WORK ORDER ▸ Where the records below show a line containing "Once you tap", start copying; end with the line containing "Pause the video", and copy it too.

DATA SHOWN ▸
◇ ◇ ◇ ◇
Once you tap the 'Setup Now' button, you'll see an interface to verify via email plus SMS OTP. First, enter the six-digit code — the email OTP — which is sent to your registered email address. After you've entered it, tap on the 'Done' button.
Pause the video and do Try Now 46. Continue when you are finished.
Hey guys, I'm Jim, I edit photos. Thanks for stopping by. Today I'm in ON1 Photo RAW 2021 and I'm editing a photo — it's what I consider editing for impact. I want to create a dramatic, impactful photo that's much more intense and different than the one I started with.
◇ ◇ ◇ ◇
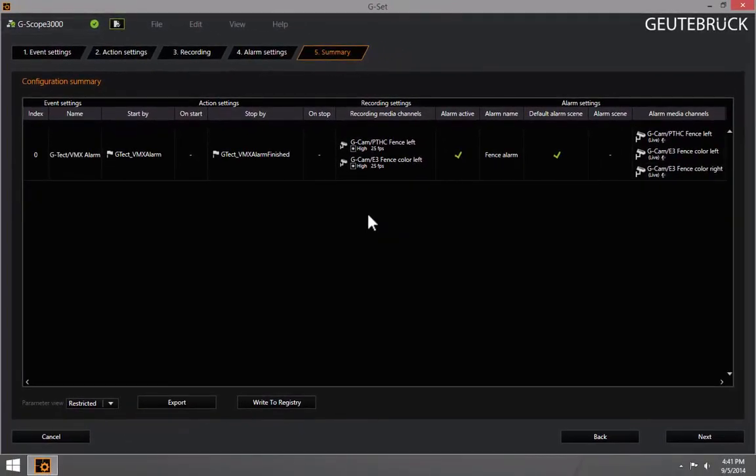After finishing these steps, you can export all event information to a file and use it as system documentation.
◇ ◇ ◇ ◇
SOLUTION TO THE PROBLEM ▸
Once you tap the 'Setup Now' button, you'll see an interface to verify via email plus SMS OTP. First, enter the six-digit code — the email OTP — which is sent to your registered email address. After you've entered it, tap on the 'Done' button.
Pause the video and do Try Now 46. Continue when you are finished.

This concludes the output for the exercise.